Your assignment: Everything in the listing should be set down exactly, apart from the pictures.
Provided data START
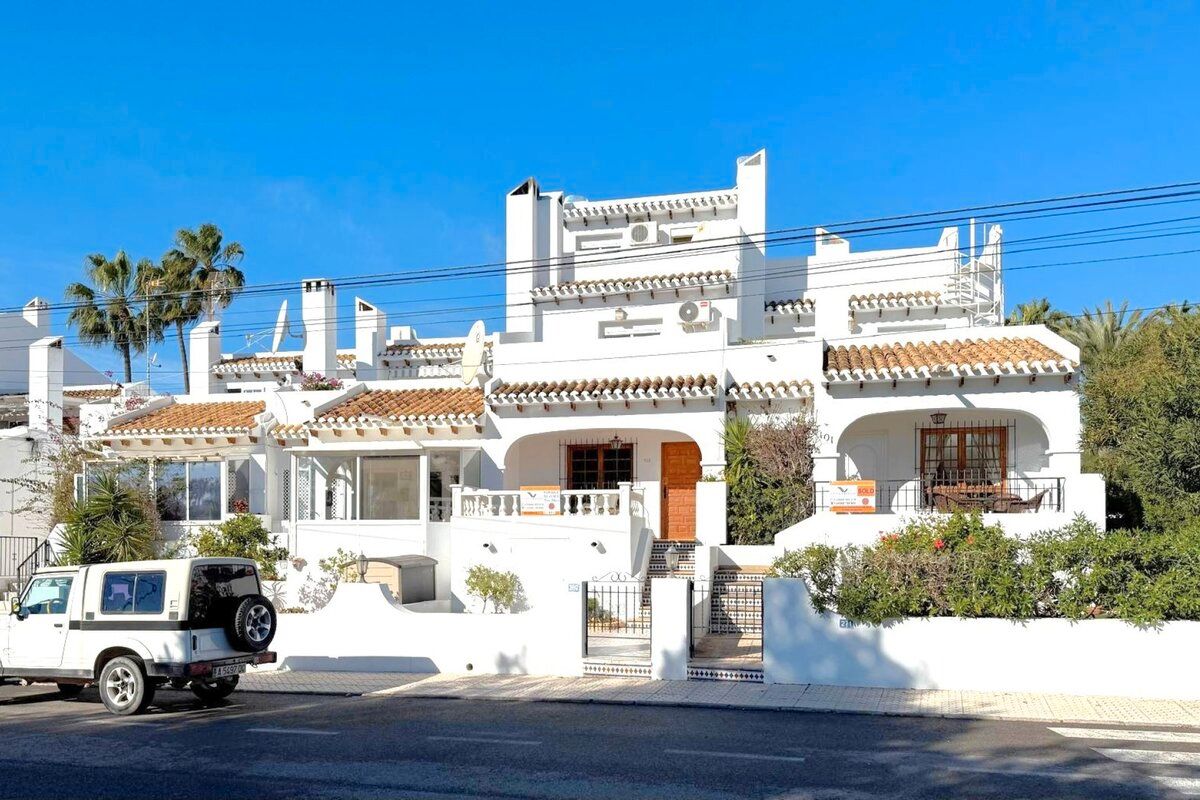 Exterior view of Single-family semi-detached for sale in Orihuela  with Air Conditioner, Terrace and Storage room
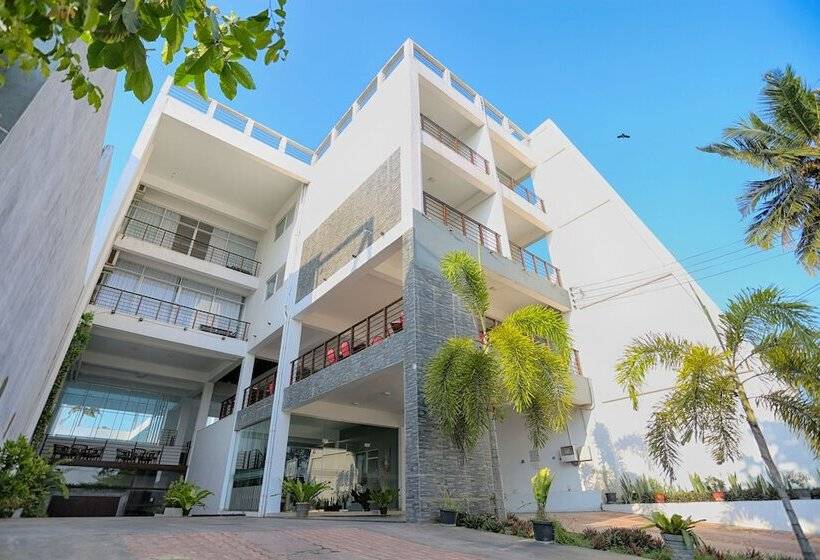 Отель Twenty Two Binaweli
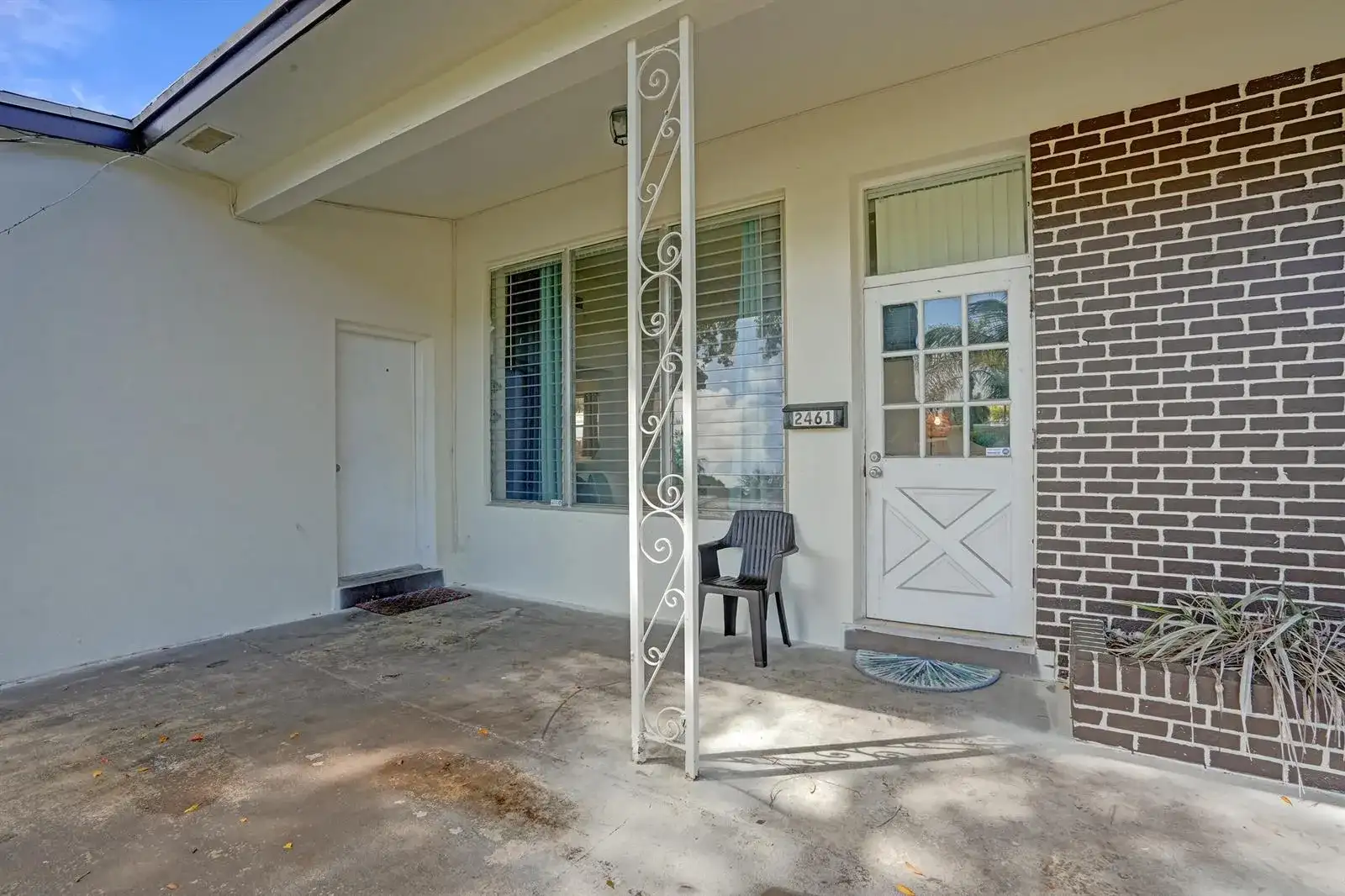 2461 NE 20th Avenue, Lighthouse Point FL 33064 photo 2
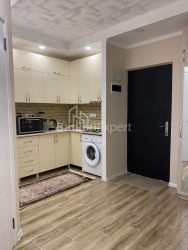 Квартира 2-комн 45 м² - Гіоргі Брцкінвале, Батумі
Provided data END
Problem solution:
 Exterior view of Single-family semi-detached for sale in Orihuela  with Air Conditioner, Terrace and Storage room
 Отель Twenty Two Binaweli
 2461 NE 20th Avenue, Lighthouse Point FL 33064 photo 2
 Квартира 2-комн 45 м² - Гіоргі Брцкінвале, Батумі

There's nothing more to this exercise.